Shooting the mafia à Fantasia : la photographe des carnages

Cet exceptionnel documentaire, coproduction de l’Irlande et des États-Unis signée Kim Longinotto, nous arrive à Fantasia. La cinéaste a pu puiser dans les archives de la télévision, dans certains classiques du cinéma italien et dans les nombreux documents de la très spéciale et hors norme photographe Letizia Battaglia. Cette dernière s’est éprise de la photographie sur le tard, ayant été mariée, mère de famille et subi la violence d’un mari qui voulait une femme soumise et à la maison. Cette Italie bien patriarcale n’est pas au goût de notre héroïne Letizia qui, armée de son appareil photo, capta les débuts de la mafia sanguinaire et surtout ses trop nombreuses victimes dont enfants et femmes.

Tant de fois éplorée aura t-elle voulu cesser de capter l’horreur des corps tombés sous les balles et la terreur, mais, dit t-elle, « la mafia tue et le silence aussi », la larme à l’œil et la voix brisée.
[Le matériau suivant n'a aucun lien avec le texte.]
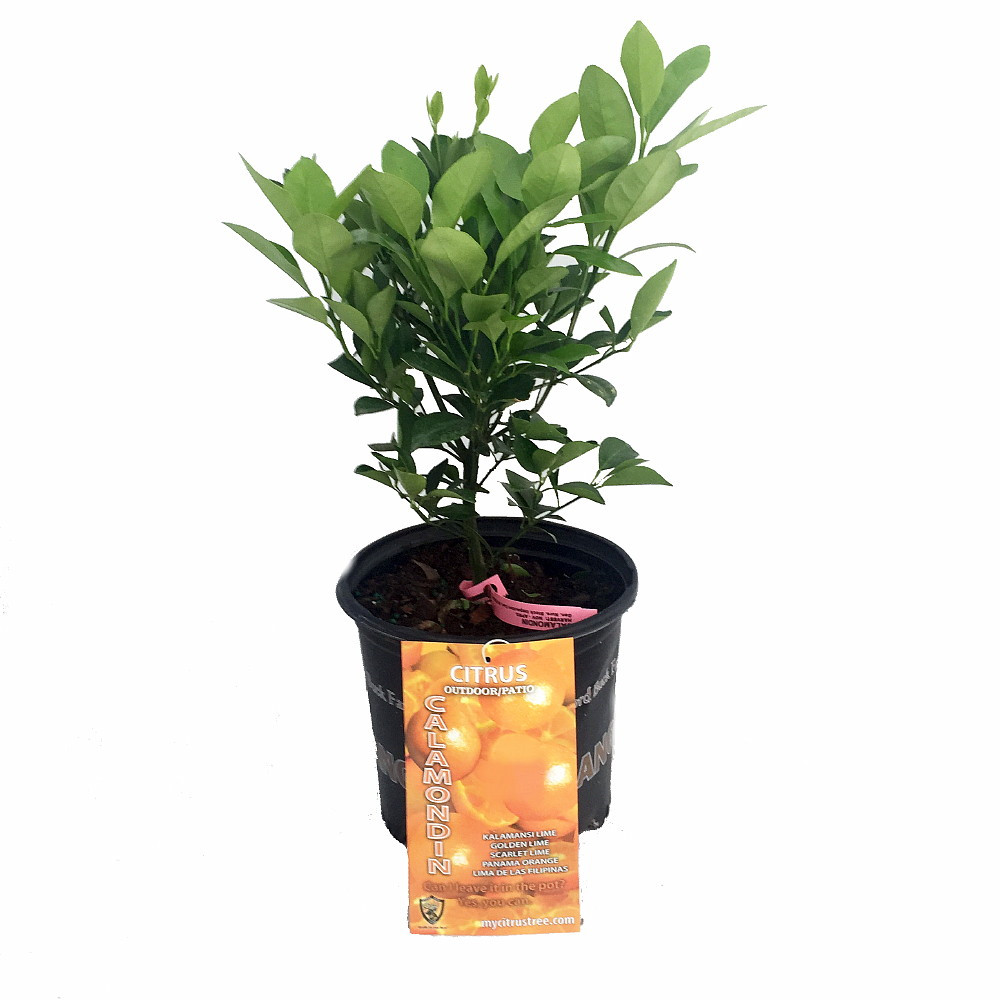 Miniature Orange Tree - Calamondin -8" Pot-NO SHIPPING TO TX, FL, AZ, CA, LA, HI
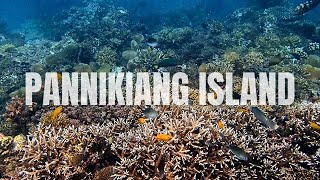 The Hidden Paradise of Pannikiang Island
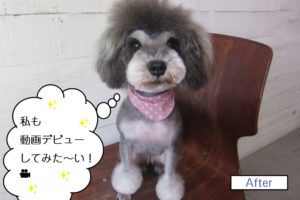 おすわりMシュナ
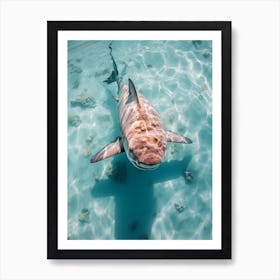  Drone Photograph Of A Shark Swimming In Crystal Clear 1 Art Print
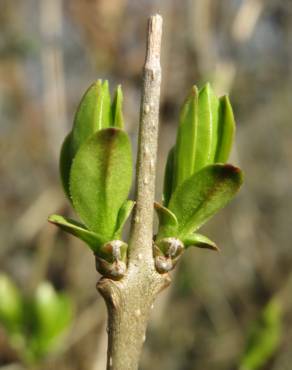 Fotografia 8 da espécie Ligustrum vulgare no Jardim Botânico UTAD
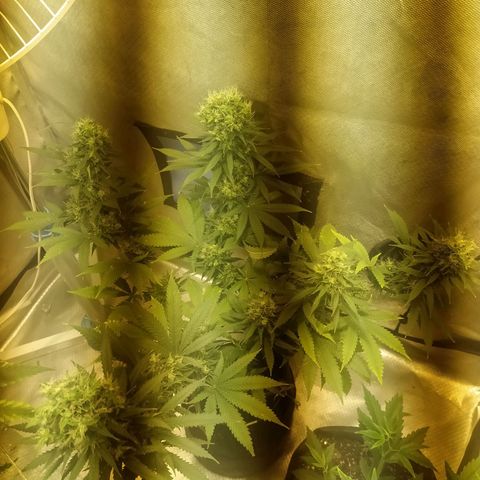 WR ( данные неизвестны )  growlog photo: Бадбилдинг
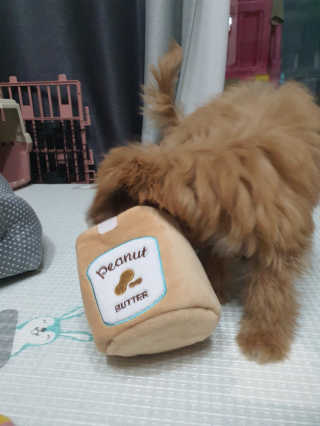 BINSMOM님이 올린 리뷰 사진 4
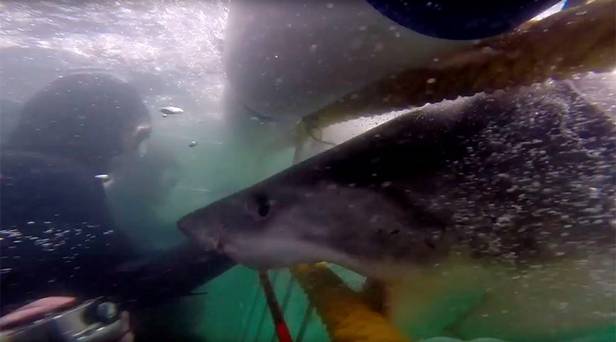 The Giant White Shark was stopped just centimetres from the group inside the cage Credit Spencer Reilly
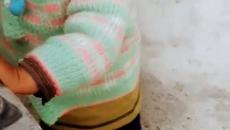 Johny Johny Yes Papa short video - Videoclip.bg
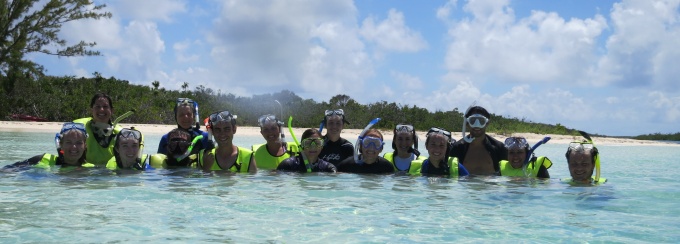 Students in scuba gear studying in the ocean. 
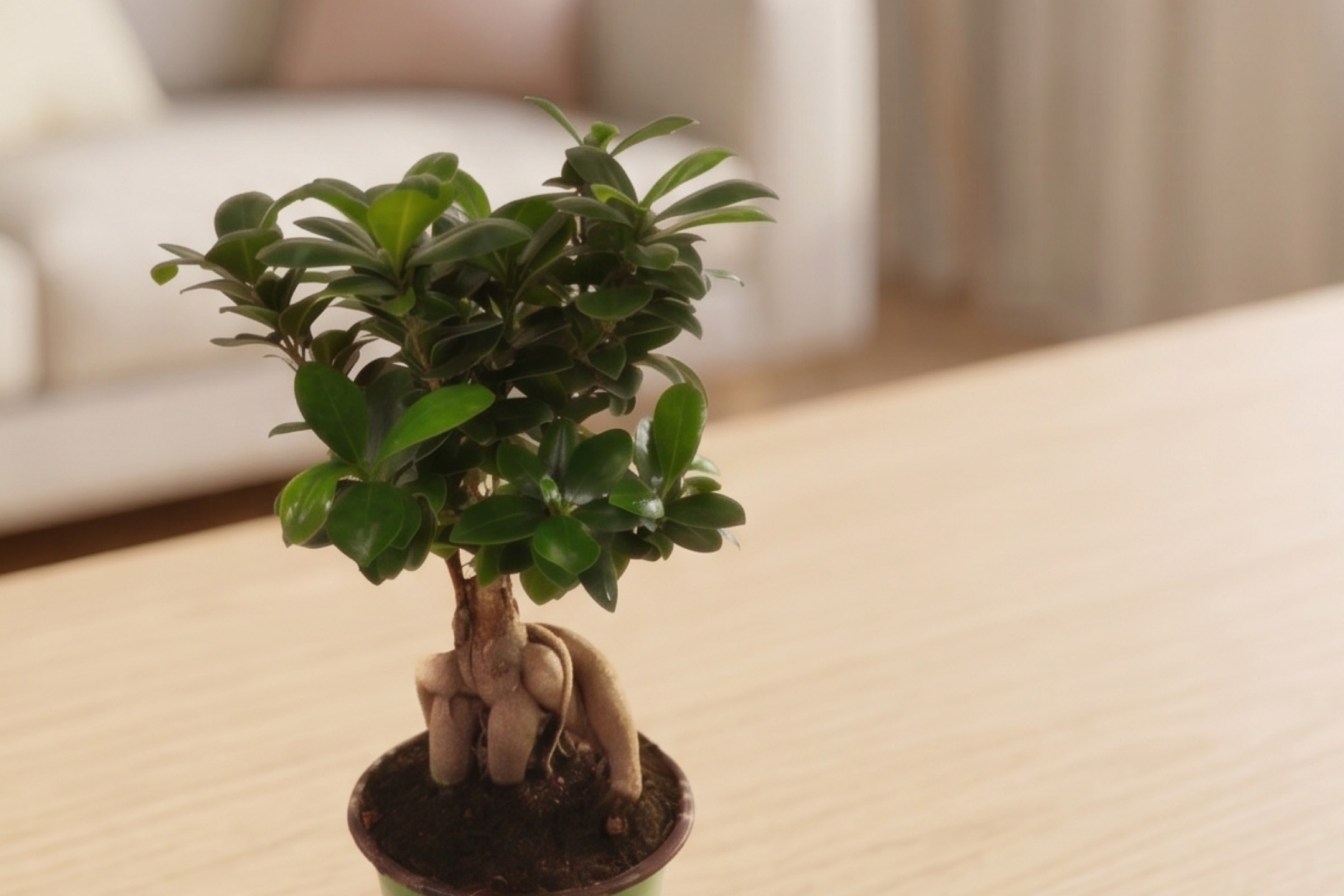 Small bonsai tree with green leaves on a light wooden table.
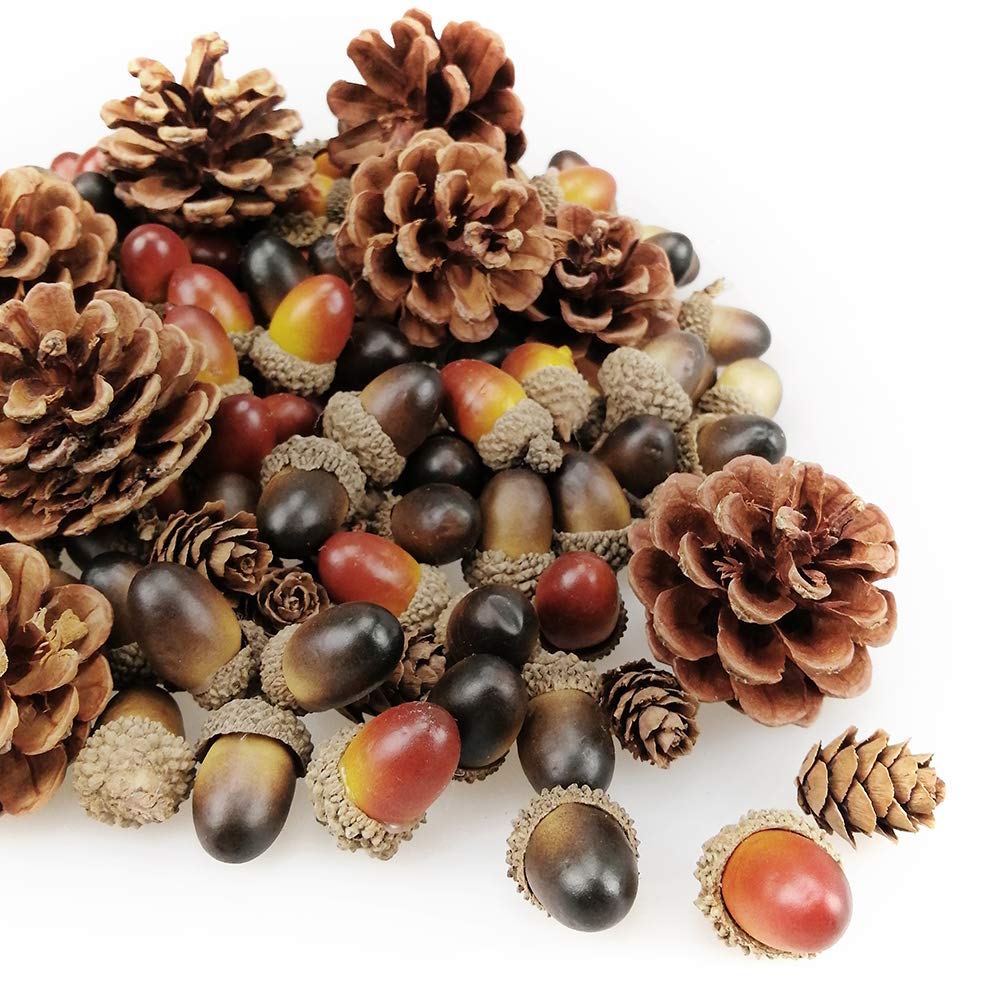 Natural Vase Fillers Decor For You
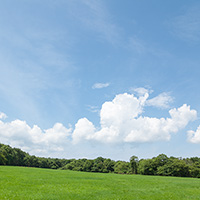 夏の空と草原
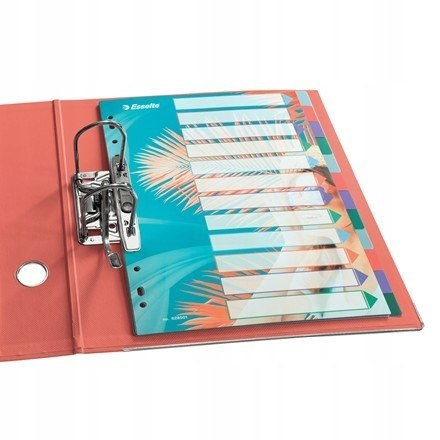 Przekładki Colour`Breeze PP A4 12 przekładek 628501 ESSELTE Przekładki Colour`Breeze PP A4 12 przekładek 628501 ESSELTE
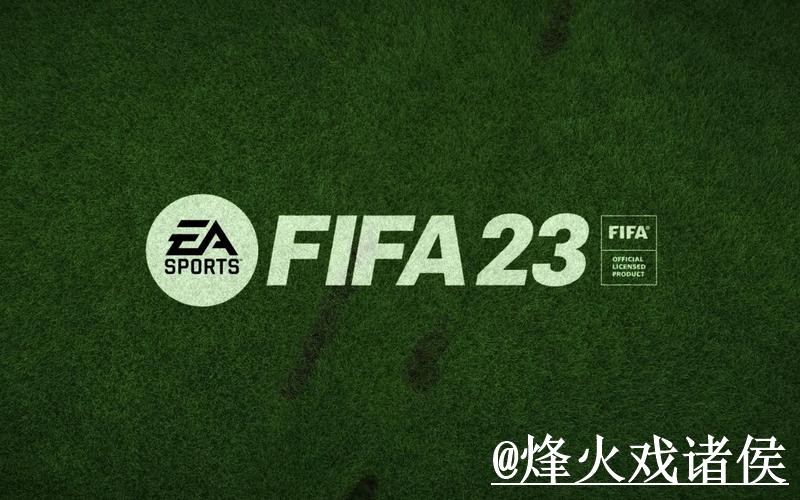 美加墨世界杯APP官网操作说明，版本选择和安卓苹果区别怎么处理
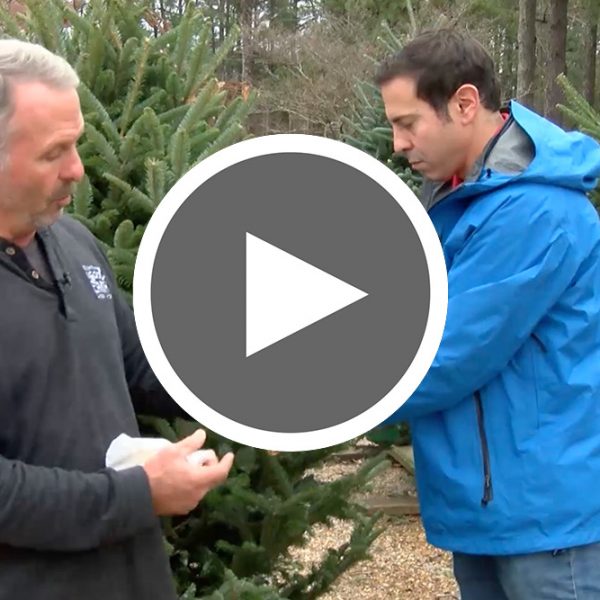 Christmas Tree Recycling - The Good Earth Garden Center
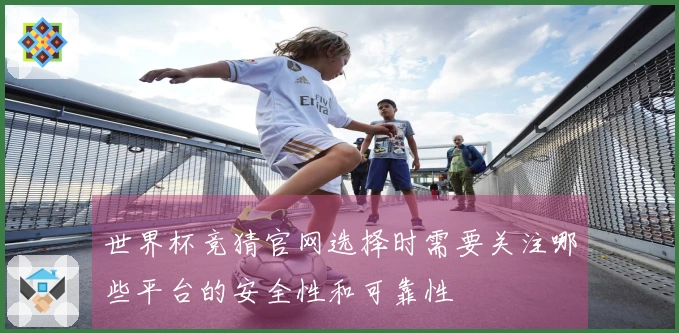 世界杯竞猜官网选择时需要关注哪些平台的安全性和可靠性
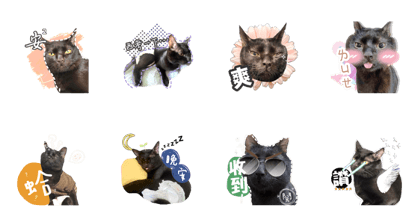吉祥の日常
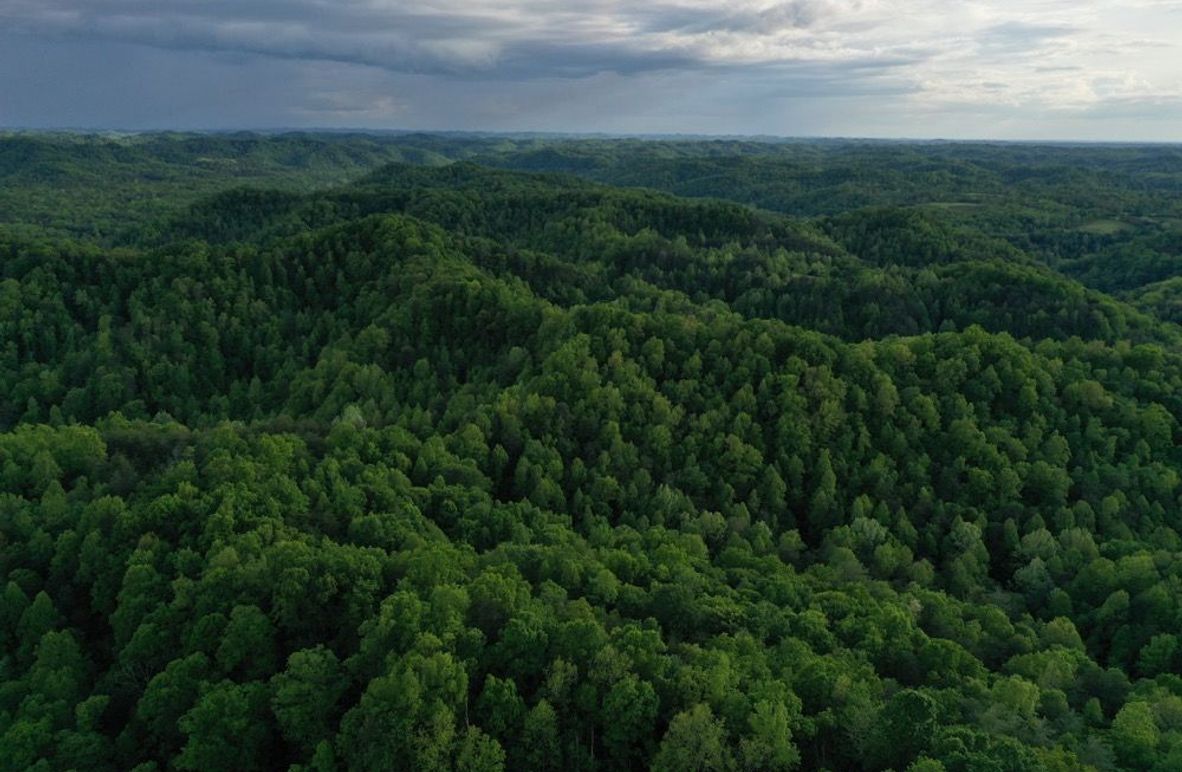 006 aerial drone shot from the middle of the property looking east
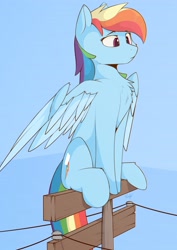 Size: 2404x3400 | Tagged: safe, artist:renderpoint, character:rainbow dash, species:pegasus, species:pony, behaving like a bird, chest fluff, female, mare, perching, solo, telephone pole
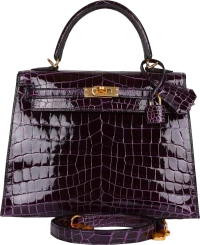 Hermes Kelly Sellier 25 Aubergine Shiny Niloticus Crocodile Gold Hardware Hermes Kelly Sellier 25 Aubergine Shiny Niloticus Crocodile Gold Hardware
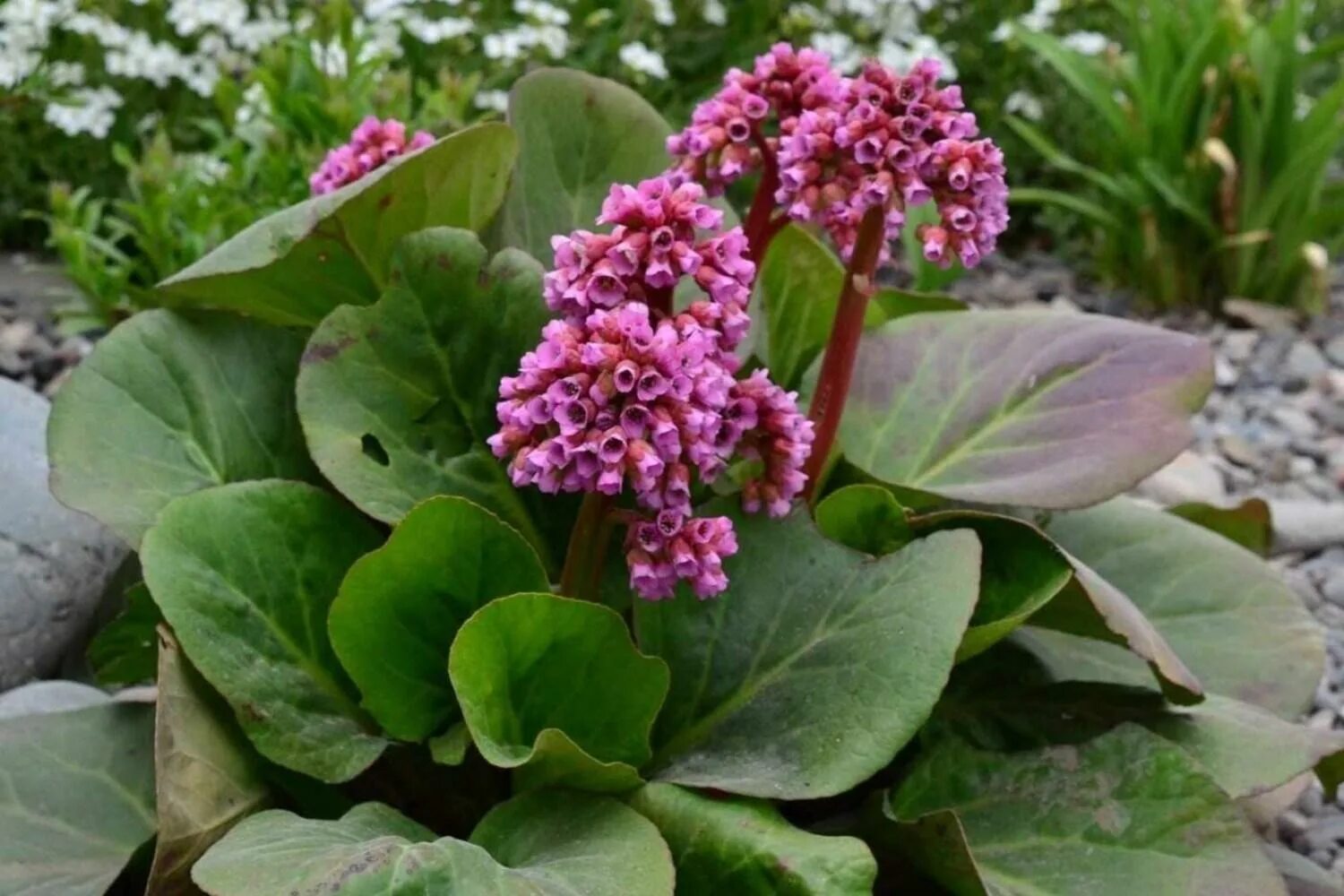 Бадан сердцелистный rotblum. Бадан сердцелистный (Bergenia cordifolia). Бадан сердцелистный «Herbstblute». Бадан (Bergenia). Цветок бадан фото и описание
C’est donc avec une force quasi inconcevable qu’elle a persisté malgré la peur et les nombreuses menaces qu’elle reçut, car oser photographier cette oppression constante des hommes baignant dans la criminalité demande un culot mais aussi beaucoup de ténacité et d’acharnement. On suit avec un intérêt croissant toute la colère de cette société qui ne compte plus ses morts, et aussi la révolte des juges qui décident d’appliquer la LOI au risque de leur propre vie ! Car cette « Cosa nostra » qui établit ses propres règles au détriment du respect de la vie humaine répugne profondément Letizia qui ne pourra cesser de montrer, avec ses sublimes photos d’un réalisme à couper le souffle, toute la bêtise que l’Homme peut accomplir, mais de quel droit ?

J’ai été conquise par le désir de justice et la profonde lucidité de cette femme. Selon elle, « la peur est un luxe qu’on ne peut pas s’offrir ».  Avec ses yeux vifs et tristes à la fois, elle continue à vivre, à se souvenir, mais aussi à savourer la vie. Ses cheveux roses fushia à la fin m’ont fait sourire ; elle est résolument comme elle le veut. Même si elle n’a pas plu bien souvent, elle demeure fidèle à ses convictions et, ça, selon moi, c’est grandiose. Un des meilleurs films que j’ai pu voir cette année, et qu’il m’enchanterait bien de revoir comme on rend visite à une vieille amie qu’on apprécie par-dessus tout ! Un joyau, rien de moins!